I will never forget that moment. I felt the sweat rising. I looked down at his flawless work. I had six seconds to pull it together and come up with something to wow them. Auto-pilot took over and I started talking, likely while sweating.

I got a call later that day. My stomach dropped. They liked my, “creative direction.” I secured my dream account for six glorious years. Z Gallerie’s main location was in an historic building in Long Beach, California. I was given the third floor, a 3,000 square foot studio haven. After years of living and working in LA, I left the smog for the ocean breeze. I moved to Long Beach and I live there still.

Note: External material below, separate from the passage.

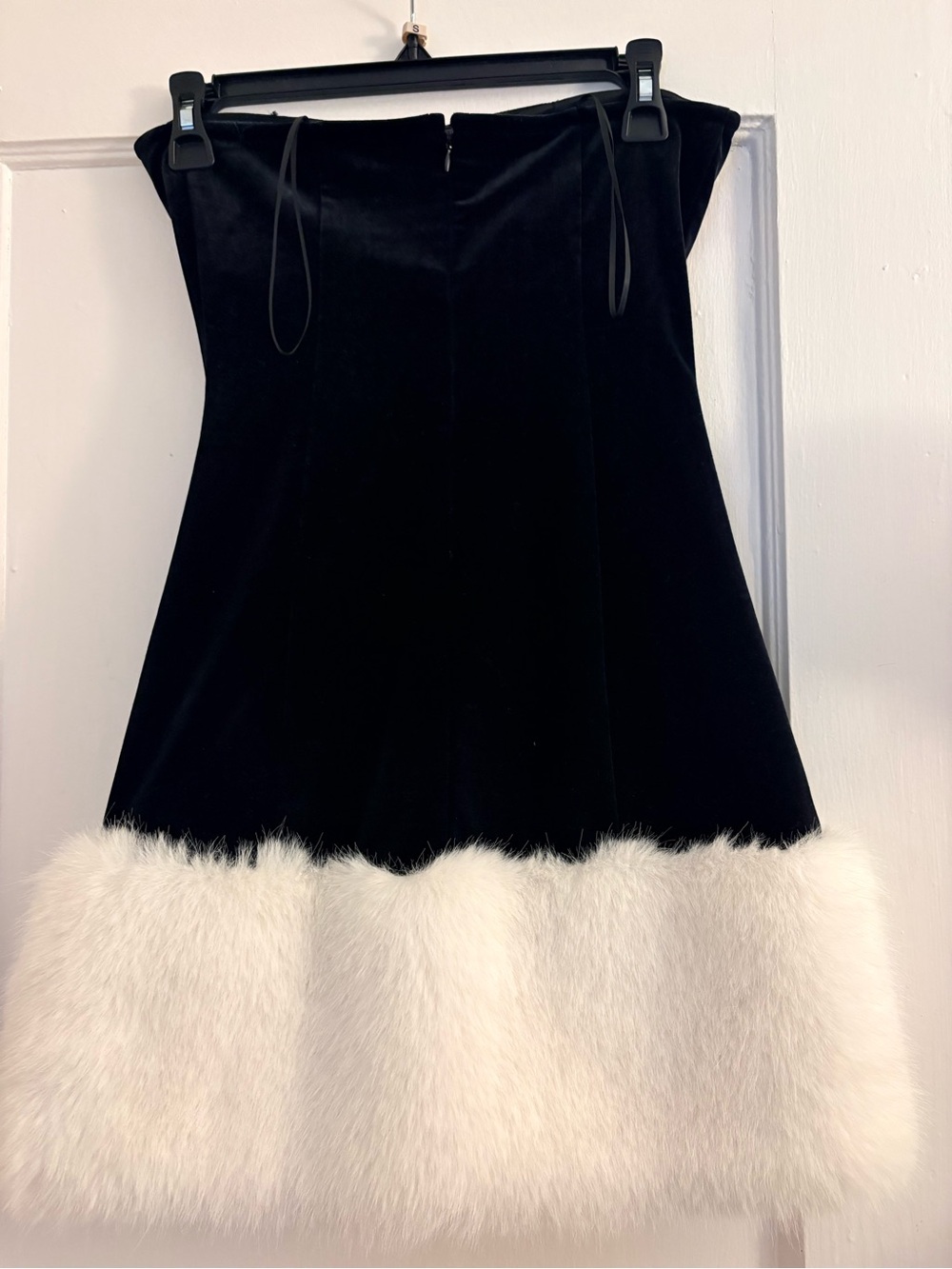 jcpenney Black Velvet Mini Dress with White Faux Fur Trim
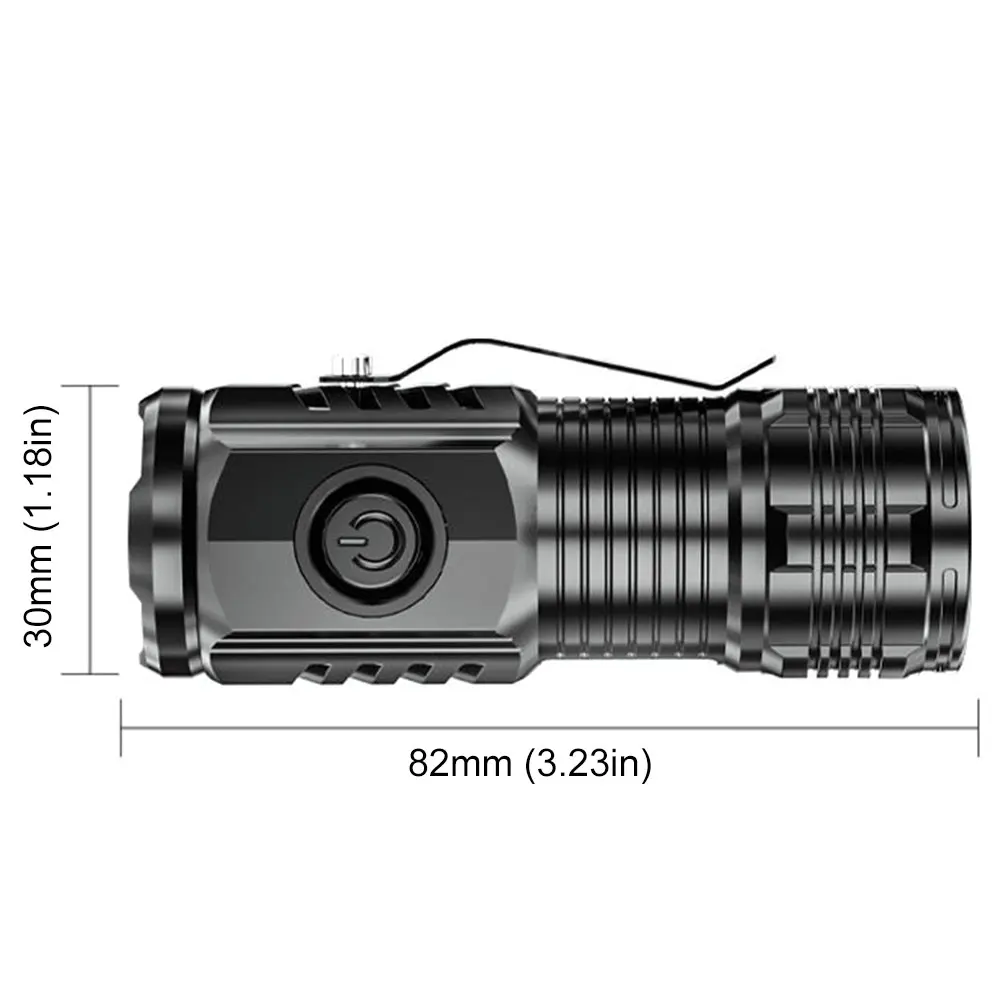 3LED Super Bright Flashlight 300LM Mini Portable Torch Waterproof Car Repair Working Lights USB Charging for Outdoor Camping Use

Long Beach turned out to be my spot in the world. Soon after moving to Long Beach, I met my husband, and two years later we were married in Santorini, Greece. We temporarily relocated to Florida for my husband’s job. In 2008, my son Skyler was born. He would prove to be my favorite model and truest muse.

Evolution of a Niche

While at Brooks, I took an assortment of classes exploring new interests and techniques. I never took a single solitary portrait class. I had zero interest. Zero. I was never a baby person. Pregnant

people sent me running in the opposite direction. Family portraits were not for me, so what came next was very much the unexpected. After having my son, I of course, had to photograph him. My neighbors would come over and see the framed 30×40 of baby Skyler on my husband’s arm. Soon they had requests. They wanted me to take pictures of their babies. What?! I wanted to scream and runaway. I could not say “no,” though. They lived on our street.

Our neighbors hired me to take their family portraits, soon so did their friends. One of my neighbors pushed, “It would be a shame if you do not pursue portrait photography.” Sometimes when you are on the cuff of a decision, one opinion can push you. Through a dreaded obligation, I opened the next chapter in my love affair with photography.

After two years in Florida, we relocated back to Long Beach, California. Moving and changing genres meant starting over. I was going to do fine art portrait photography my way. Rogue, color far outside the lines, dyslexic, different way of thinking kind of way. From the beginning, I decided how my business would run.

For the first time, I had to juggle family and career. I embraced the dentist office schedule 10:00-5:00 Monday through Friday, only. I sought to make the experience something clients would find worth taking time off from work for. I wanted to resort the portrait experience, just as Brooks had resort-ed the school experience for me. Champagne, wine, chocolate or whatever your indulgence may be, I offered. I was creating a niche that would not be for everyone, but not everyone was meant to be my client. After creating a solid portfolio and successful marketing campaign, my schedule was booked months out in advance. I exhaled. Then came some bumps and crashes. Learning, at times stumbling, through experiences, mistakes and even my clients’ bad behavior, I quickly tightened my business process to a point that would make a military general proud.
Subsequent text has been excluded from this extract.